*WHAT NEEDS TO BE DONE*. The records that follow should be returned exactly, pictures excluded.

*ENTRIES SHOWN*.
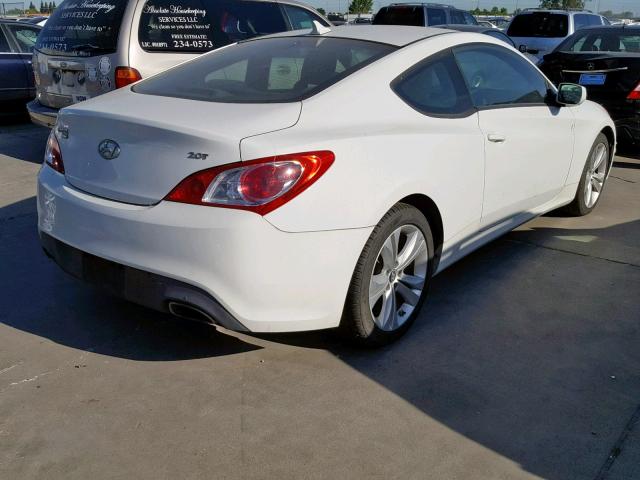 KMHHT6KD8CU065992 - 2012 HYUNDAI GENESIS CO WHITE photo 4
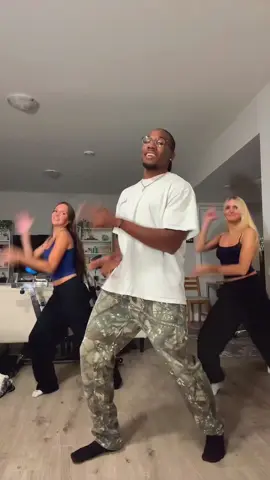 Good vibes🕺🏾 tag dc @emi<3 @sophie #dance #viral #friends #canada #Summer 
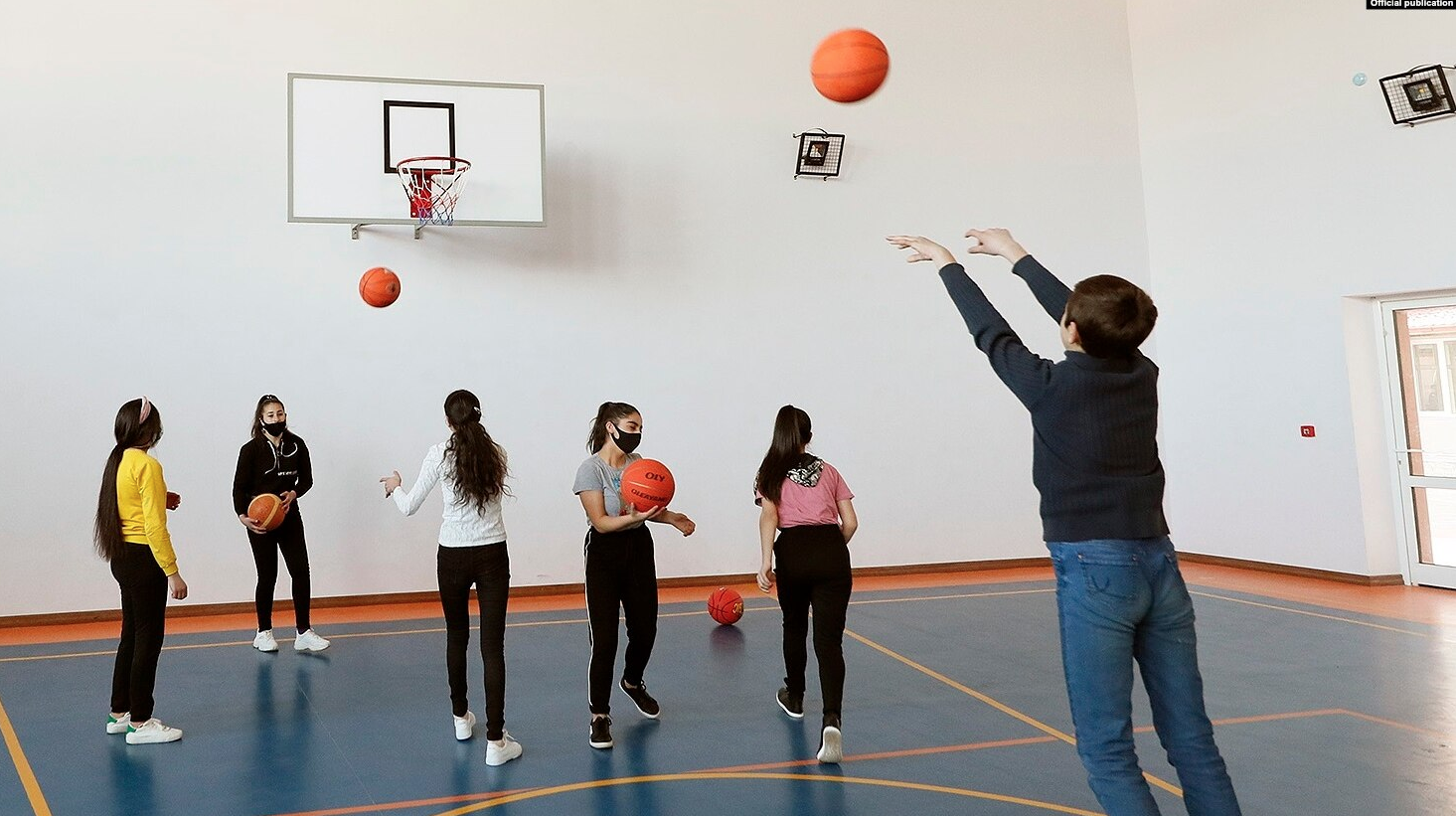 Les écoles resteront ouvertes malgré la résurgence du Coronavirus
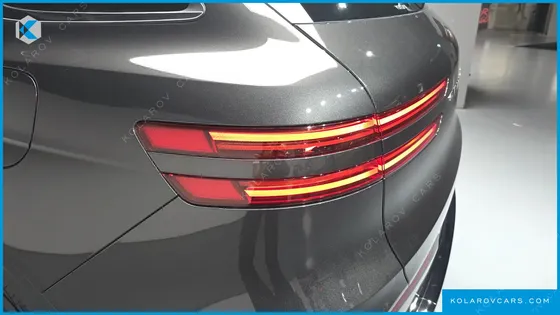 GENESIS GV70 2.5T GASOLINE 2WD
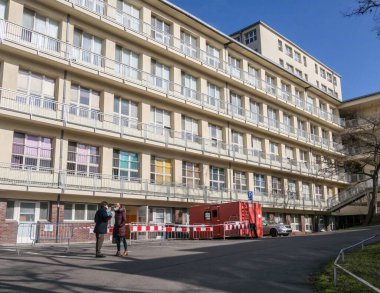 Prag - 14 Mart 2020: Na Bulovce Hastanesi 'nin Bulaşıcı, Parazit ve Tropikal Hastalıklar Kliniği' nin önünde yapılan yeni Coronavirus testleri için numune toplama konteynırı.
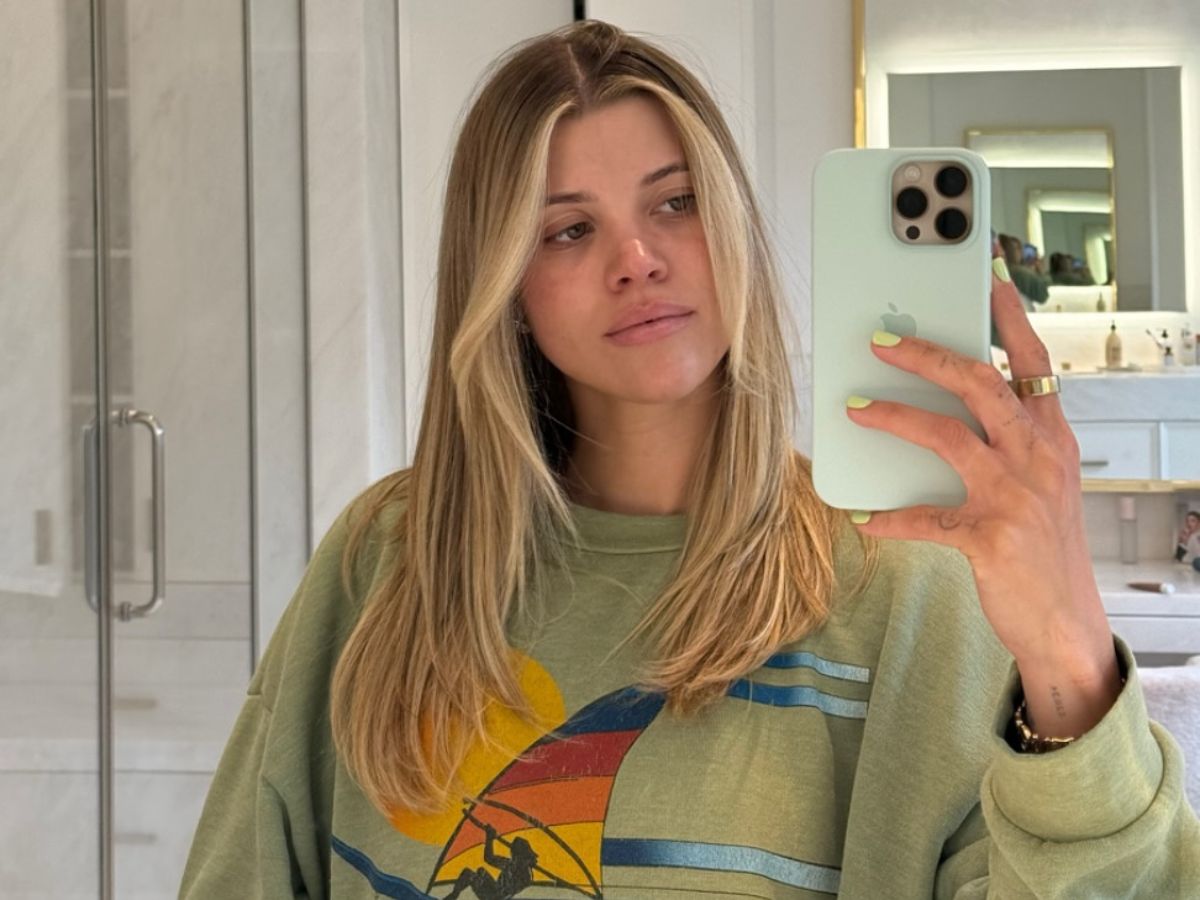H Sofia Richie Grainge αποχαιρετά τα viral Blueberry Milk Nails για ένα Lime μανικιούρ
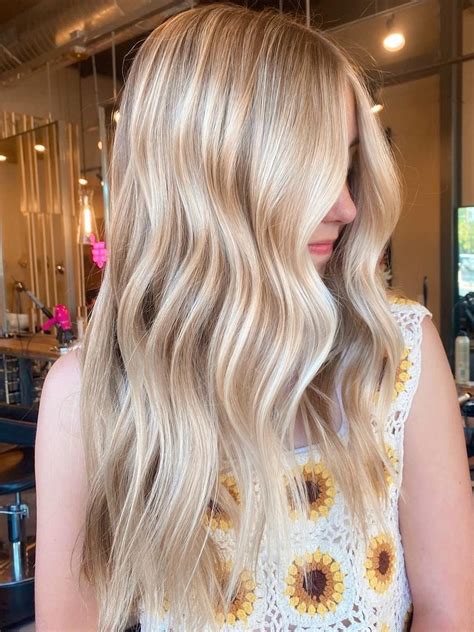Vibrant new colors in blonde hair will go viral this summer 11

*RESPONSE TO THE TASK*.
 KMHHT6KD8CU065992 - 2012 HYUNDAI GENESIS CO WHITE photo 4
 Good vibes🕺🏾 tag dc @emi<3 @sophie #dance #viral #friends #canada #Summer 
 Les écoles resteront ouvertes malgré la résurgence du Coronavirus
 GENESIS GV70 2.5T GASOLINE 2WD
 Prag - 14 Mart 2020: Na Bulovce Hastanesi 'nin Bulaşıcı, Parazit ve Tropikal Hastalıklar Kliniği' nin önünde yapılan yeni Coronavirus testleri için numune toplama konteynırı.
H Sofia Richie Grainge αποχαιρετά τα viral Blueberry Milk Nails για ένα Lime μανικιούρ
Vibrant new colors in blonde hair will go viral this summer 11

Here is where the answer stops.